She will be submitting her new economic model to the World Bank this October; the model promises to put in 12-13 trillion dollars a year into the world economy

Luiza Cristina Fernandes Palma

Luiza Cristina Fernandes Palma is the recently appointed chairperson to the Portugal chapter of All Ladies League (the organization which hosts Women Economic Forum). She is an investment banker with 30 years of experience living and breathing the socioeconomic havoc created by gender disparity in pay across male dominated sectors like oil and banking.

Citing McKinsey data said, “Most CEOs are male not female. Male CEOs are paid more than female CEO and the pay gap amounts to 13 trillion dollars a year.” She continued, “I have seen this inequality go on for 30 years now. And I can’t wait another 30 years to find out whether women will ever be paid as much as men. We must act now.”

That’s why Ms Palma will be submitting a new economic model to the World Bank in October 2017, and hopes the global banking sector will embrace it as well.

About the model she said, “The bank will use this model to analyse whether companies have gender parity in pay. If the companies do then they will be approved for loans and will be eligible for a lower interest rate. While the exact parameters to measure gender parity of a company are not yet revealed one will be equal pay for employees of both gender in the same job role.”

Ms Palma promises rating a company’s credit worthiness based on its gender parity will not only increase compliance with just human rights but also increase a nation’s GDP.

“We are sensitive enough to create fishing nets that don’t trap Dolphins. I think it is only fair to create a social order where women don’t have to fight for something as basic as parity in pay.

And this model will put into the economy an additional 13 trillion dollars. Since women are increasingly being employed in the work place paying them more means, more taxes paid and more disposable income for the gender that contributes 65 percent of the global spending. And that will in turn convert to a higher GDP.

And I don’t think companies will resort to paying men less to equalize pay. They can’t afford to because the media will make a circus of it and corporations need the media on their side.”

The success of trying to revamp the social order through this new economic model is hard to verity. First it has to be introduced to the world. Ms Palma with her extensive network of banking contacts feels that even if the World Bank may take an unknown amount of time to promote the model, if even one country adopts it and proves it to be a success, then other countries will follow. “The UK is quite open minded and promotes gender parity at work, that might be a good place to start”, she said of the country where she worked as a banker for 9 years.

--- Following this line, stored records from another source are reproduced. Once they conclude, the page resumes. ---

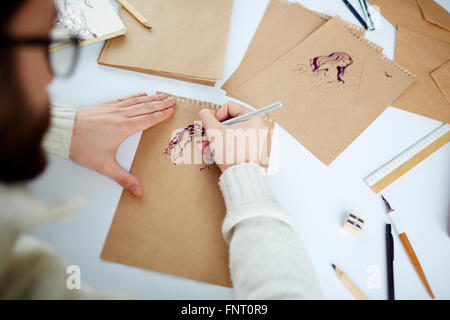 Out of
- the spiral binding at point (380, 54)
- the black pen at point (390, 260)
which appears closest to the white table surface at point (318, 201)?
the black pen at point (390, 260)

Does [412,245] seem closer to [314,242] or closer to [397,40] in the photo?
[314,242]

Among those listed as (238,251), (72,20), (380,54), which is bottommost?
(238,251)

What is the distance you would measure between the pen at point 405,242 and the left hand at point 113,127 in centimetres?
59

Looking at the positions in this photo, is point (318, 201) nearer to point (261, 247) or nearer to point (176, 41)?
point (261, 247)

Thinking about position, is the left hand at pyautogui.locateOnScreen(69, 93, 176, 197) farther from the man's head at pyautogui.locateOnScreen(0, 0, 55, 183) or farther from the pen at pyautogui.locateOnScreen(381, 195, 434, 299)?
the pen at pyautogui.locateOnScreen(381, 195, 434, 299)

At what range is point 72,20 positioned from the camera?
0.71 metres

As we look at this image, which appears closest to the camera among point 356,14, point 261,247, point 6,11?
point 6,11

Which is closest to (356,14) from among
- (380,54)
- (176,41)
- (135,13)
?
(380,54)

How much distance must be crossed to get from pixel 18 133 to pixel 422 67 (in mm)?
993

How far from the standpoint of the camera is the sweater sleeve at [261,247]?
45cm

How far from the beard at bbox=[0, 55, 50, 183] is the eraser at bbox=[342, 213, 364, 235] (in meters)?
0.63

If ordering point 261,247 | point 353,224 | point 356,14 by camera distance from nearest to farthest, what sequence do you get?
1. point 261,247
2. point 353,224
3. point 356,14

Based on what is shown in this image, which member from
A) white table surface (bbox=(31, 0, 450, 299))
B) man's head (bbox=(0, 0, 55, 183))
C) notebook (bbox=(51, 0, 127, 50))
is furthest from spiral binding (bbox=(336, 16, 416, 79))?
man's head (bbox=(0, 0, 55, 183))

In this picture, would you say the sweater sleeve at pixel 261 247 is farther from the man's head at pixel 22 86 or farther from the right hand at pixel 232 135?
the man's head at pixel 22 86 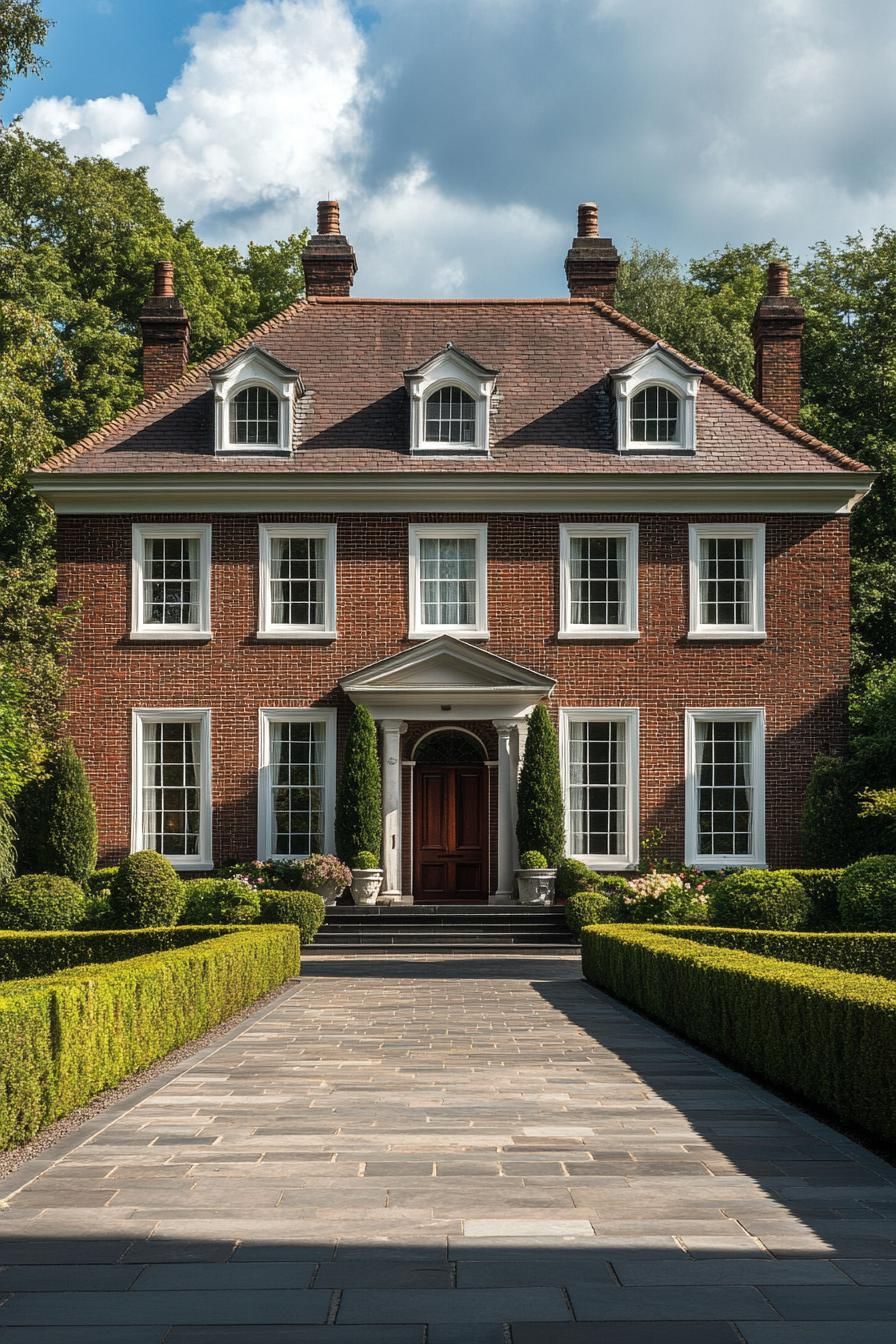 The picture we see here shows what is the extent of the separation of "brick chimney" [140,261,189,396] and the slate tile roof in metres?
0.44

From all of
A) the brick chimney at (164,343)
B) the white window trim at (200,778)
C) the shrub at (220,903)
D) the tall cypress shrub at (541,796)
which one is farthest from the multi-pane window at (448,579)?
the brick chimney at (164,343)

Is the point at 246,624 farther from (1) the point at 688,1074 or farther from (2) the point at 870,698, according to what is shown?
(1) the point at 688,1074

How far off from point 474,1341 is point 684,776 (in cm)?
2420

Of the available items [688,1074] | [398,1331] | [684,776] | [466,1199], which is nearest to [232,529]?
[684,776]

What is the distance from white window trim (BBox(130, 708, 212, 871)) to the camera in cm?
2872

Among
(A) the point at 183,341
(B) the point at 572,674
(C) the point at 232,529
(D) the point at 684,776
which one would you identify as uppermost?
(A) the point at 183,341

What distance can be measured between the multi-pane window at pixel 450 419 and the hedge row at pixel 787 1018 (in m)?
14.3

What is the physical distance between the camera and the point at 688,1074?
1202 centimetres

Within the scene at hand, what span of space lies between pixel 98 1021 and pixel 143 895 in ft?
46.6

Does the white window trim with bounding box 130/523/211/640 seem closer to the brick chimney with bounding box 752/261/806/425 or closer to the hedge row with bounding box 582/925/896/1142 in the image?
the brick chimney with bounding box 752/261/806/425

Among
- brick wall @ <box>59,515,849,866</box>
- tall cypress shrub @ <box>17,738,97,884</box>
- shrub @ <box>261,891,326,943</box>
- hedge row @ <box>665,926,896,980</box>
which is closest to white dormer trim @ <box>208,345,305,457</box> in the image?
brick wall @ <box>59,515,849,866</box>

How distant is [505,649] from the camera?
95.3 feet

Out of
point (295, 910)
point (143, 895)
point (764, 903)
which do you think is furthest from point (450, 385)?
point (764, 903)

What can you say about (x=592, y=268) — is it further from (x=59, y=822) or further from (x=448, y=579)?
(x=59, y=822) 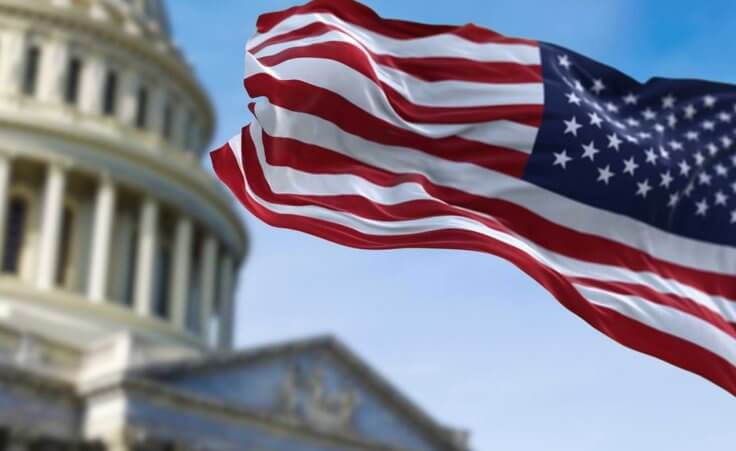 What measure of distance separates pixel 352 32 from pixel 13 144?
144 feet

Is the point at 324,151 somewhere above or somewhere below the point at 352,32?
below

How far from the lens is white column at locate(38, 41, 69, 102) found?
5366 centimetres

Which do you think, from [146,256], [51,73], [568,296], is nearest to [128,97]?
[51,73]

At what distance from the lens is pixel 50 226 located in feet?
164

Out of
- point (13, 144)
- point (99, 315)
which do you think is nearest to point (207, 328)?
point (99, 315)

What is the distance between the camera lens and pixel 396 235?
9305 millimetres

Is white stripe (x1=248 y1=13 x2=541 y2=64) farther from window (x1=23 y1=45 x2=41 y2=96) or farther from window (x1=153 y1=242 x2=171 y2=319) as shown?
window (x1=23 y1=45 x2=41 y2=96)

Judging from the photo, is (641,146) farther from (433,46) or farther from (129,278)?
(129,278)

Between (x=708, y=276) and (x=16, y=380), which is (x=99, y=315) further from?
(x=708, y=276)

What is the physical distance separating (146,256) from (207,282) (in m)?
4.65

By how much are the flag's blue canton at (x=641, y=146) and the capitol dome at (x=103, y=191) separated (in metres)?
38.3

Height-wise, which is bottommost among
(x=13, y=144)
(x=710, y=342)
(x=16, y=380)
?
(x=710, y=342)

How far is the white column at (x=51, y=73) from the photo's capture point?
53.7 m

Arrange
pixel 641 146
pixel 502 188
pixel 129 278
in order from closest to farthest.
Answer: pixel 641 146 < pixel 502 188 < pixel 129 278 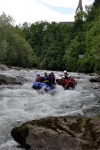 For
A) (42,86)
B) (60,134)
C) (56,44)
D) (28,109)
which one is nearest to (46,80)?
(42,86)

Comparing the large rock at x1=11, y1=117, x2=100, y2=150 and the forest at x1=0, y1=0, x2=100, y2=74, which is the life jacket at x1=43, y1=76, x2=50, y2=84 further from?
the large rock at x1=11, y1=117, x2=100, y2=150

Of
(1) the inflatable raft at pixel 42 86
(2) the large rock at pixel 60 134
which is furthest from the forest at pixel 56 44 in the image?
(2) the large rock at pixel 60 134

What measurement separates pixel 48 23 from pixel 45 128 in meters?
95.0

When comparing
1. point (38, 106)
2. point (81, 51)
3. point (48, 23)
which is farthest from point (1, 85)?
point (48, 23)

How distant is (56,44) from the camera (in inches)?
3487

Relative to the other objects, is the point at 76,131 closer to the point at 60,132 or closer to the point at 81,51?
the point at 60,132

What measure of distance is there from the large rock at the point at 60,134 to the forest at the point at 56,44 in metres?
24.5

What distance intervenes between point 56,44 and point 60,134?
81.5m

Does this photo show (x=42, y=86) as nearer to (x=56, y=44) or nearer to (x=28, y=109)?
(x=28, y=109)

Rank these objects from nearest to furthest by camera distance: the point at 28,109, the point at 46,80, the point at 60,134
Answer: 1. the point at 60,134
2. the point at 28,109
3. the point at 46,80

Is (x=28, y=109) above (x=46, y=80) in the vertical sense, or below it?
above

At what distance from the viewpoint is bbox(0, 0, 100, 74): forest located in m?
49.6

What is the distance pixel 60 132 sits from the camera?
25.9ft

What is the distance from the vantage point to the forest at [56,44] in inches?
1954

Then there will be the estimated 500 banks from CPLP (Comunidade dos Países de Língua Portuguesa -Community of Portuguese Language Countries) Ms Palma will hope to get on board from her time heading mergers and acquisitions in the region, in addition to banks present in the 150 countries All Ladies League (the group that hosts the Women Economic Forum) has influence in.

The societal impact of this model in countries where corruption and poverty is rampant is far reaching. “Brazil has about 2317 banks and is one of the largest credit users in the world. A model like this that gives credit based on gender parity will help lower corruption immensely.”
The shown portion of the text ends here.